Jetzt ist der Kietz-Lack ab – nur leider viel zu weit

Na das fängt ja gut an. Die Sanierung der Kietzstraße ist bis ins kleinste Detail geplant. Und trotzdem verläuft einiges anders als geplant.

Der Straßenbelag muss weg. In der Kietzstraße ratterte am Dienstag die Asphaltfräse.
Udo Roll Der Straßenbelag muss weg. In der Kietzstraße ratterte am Dienstag die Asphaltfräse.

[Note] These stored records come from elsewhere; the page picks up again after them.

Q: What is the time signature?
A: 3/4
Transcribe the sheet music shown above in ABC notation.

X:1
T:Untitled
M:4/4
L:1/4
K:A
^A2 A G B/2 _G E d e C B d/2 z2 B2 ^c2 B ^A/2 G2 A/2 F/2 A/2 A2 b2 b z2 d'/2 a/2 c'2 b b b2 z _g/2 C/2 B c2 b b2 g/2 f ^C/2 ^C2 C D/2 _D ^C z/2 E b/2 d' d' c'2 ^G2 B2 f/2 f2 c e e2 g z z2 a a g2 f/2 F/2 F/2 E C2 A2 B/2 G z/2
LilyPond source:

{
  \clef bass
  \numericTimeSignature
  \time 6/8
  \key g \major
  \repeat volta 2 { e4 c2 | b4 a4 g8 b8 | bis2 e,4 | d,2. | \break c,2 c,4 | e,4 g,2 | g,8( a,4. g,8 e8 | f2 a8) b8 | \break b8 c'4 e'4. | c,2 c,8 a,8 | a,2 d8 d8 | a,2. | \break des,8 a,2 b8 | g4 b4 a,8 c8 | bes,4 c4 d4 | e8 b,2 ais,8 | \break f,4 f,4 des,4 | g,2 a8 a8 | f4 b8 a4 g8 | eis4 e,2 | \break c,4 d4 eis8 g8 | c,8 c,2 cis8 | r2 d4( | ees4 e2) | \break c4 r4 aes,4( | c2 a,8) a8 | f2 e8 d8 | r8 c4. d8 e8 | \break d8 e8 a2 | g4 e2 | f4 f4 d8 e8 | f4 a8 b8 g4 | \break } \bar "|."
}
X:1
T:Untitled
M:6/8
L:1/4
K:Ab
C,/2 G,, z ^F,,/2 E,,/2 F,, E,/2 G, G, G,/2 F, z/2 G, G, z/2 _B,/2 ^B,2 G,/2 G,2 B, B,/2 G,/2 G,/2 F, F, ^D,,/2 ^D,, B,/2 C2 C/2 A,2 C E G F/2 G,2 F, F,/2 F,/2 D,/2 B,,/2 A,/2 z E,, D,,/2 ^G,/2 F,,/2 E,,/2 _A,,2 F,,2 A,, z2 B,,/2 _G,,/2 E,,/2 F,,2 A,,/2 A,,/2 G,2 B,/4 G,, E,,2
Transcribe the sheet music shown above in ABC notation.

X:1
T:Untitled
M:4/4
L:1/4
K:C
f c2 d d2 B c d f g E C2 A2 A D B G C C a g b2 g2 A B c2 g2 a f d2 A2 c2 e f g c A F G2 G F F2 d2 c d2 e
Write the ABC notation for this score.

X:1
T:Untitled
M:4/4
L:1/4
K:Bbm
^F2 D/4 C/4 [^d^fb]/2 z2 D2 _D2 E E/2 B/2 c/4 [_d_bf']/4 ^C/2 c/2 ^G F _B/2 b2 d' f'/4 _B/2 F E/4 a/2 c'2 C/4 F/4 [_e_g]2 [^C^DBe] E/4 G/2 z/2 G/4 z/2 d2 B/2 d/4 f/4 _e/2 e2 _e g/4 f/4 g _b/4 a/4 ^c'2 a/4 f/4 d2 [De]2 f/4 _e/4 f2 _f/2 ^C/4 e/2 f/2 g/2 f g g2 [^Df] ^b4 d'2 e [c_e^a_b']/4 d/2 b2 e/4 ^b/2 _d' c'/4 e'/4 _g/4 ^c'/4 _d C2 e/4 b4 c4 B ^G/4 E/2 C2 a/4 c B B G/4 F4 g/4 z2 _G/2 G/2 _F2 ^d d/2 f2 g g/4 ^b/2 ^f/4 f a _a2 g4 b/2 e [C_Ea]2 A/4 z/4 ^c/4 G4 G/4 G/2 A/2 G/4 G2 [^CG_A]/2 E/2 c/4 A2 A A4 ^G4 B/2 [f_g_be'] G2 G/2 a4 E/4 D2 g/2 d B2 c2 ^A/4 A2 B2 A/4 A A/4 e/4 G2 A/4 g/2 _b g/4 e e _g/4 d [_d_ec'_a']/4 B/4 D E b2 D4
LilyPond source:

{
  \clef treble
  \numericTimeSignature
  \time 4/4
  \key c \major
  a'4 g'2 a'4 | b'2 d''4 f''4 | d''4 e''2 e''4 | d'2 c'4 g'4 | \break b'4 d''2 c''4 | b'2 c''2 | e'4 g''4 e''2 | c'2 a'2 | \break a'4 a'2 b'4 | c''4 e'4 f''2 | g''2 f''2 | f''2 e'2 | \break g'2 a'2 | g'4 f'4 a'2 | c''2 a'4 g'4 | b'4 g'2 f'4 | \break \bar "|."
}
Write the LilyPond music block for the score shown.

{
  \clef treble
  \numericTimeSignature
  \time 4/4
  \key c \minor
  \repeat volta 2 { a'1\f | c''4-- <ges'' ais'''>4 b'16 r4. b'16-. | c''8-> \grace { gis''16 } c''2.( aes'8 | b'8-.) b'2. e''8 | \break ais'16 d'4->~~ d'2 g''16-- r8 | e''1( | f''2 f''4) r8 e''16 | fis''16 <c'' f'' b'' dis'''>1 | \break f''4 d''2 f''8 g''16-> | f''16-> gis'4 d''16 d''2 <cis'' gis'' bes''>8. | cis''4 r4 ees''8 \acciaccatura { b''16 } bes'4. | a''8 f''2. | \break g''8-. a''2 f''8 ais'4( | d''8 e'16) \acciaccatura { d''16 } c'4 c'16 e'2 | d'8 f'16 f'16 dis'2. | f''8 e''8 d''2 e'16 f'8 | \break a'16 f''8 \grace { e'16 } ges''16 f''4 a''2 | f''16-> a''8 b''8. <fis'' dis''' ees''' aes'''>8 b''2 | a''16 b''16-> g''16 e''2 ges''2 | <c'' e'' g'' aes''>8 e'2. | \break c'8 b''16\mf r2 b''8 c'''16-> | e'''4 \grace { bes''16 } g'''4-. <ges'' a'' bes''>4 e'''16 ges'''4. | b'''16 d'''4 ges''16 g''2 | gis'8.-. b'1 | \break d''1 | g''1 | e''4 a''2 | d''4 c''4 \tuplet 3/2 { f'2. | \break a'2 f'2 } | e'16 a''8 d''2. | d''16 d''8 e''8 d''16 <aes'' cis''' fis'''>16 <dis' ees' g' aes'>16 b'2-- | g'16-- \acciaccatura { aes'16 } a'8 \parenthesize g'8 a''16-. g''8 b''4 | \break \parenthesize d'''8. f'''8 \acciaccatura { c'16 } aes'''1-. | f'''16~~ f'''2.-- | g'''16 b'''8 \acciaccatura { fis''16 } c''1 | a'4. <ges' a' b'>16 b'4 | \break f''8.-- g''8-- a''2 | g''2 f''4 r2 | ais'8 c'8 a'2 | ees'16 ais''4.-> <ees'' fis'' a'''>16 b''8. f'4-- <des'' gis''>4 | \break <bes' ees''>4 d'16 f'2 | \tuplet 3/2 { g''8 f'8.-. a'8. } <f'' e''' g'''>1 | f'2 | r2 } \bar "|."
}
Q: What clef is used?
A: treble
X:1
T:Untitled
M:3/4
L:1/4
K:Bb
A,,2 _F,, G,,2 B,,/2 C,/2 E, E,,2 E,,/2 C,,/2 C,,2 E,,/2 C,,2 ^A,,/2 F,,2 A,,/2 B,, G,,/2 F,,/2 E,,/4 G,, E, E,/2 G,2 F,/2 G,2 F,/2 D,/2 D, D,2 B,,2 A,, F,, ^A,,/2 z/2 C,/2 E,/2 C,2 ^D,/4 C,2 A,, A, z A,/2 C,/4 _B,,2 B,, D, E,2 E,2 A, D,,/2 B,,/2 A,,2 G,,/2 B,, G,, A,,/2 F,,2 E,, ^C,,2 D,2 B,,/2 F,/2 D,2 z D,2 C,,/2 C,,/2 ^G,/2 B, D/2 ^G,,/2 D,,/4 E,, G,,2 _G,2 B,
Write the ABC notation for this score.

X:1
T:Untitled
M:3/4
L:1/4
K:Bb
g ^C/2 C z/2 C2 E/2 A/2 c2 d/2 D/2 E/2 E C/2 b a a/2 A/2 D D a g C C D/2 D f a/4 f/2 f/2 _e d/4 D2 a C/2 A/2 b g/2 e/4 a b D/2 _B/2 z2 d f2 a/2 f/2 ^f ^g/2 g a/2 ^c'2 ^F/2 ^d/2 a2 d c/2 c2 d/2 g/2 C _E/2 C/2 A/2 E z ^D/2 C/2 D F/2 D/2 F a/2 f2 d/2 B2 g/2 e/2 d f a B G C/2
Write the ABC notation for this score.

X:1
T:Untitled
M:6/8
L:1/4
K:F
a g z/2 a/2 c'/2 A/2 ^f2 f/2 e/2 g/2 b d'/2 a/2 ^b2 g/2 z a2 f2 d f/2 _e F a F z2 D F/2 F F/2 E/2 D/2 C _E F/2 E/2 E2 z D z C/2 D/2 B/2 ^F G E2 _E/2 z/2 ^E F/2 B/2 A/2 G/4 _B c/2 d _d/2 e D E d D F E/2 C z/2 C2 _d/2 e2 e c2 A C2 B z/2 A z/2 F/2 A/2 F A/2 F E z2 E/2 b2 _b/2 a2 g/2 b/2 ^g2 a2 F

Seit heute ist die Kietzstraße wegen Sanierungsarbeiten voll gesperrt. Und schon der erste Bautag verlief wesentlich heftiger als geplant. Die Anlieger mussten fast den ganzen Tag schrecklichen Baulärm aushalten. Und zwar nicht nur – wie angekündigt – im ersten Bauabschnitt bis zum Caritas-Gebäude, sondern gleich bis zur Raiffeisenbank, dem Ende des zweiten Bauabschnittes.

„Die Straßendecke wurde dort aufgefräst“, sagt Heinz Mamerow, Projektleiter beim Straßenbauamt der Stadt Waren. Dass der Asphalt aber gleich bis zum Geldinstitut aufgewühlt wurde, sei ein Fehler der Baufirma gewesen, räumt er ein. Dieser Fehler werde heute aber wieder behoben. „Der aufgefräste Asphalt wird im zweiten Bauabschnitt wieder fest angewalzt, um eine Zufahrt zu den Grundstücken zu gewährleisten“, verspricht er.

Darüber hinaus gehen die Bauarbeiten heute zügig weiter. Der abgefräste Asphalt wird abtransportiert und dann sollen schon am Freitag die Kanalbauarbeiten starten. Und für alle, die Fragen zur Baustelle haben: „Es gibt jeden Donnerstagvormittag am Mannschaftswagen die Möglichkeit, Hinweise loszuwerden“, sagt Heinz Mamerow.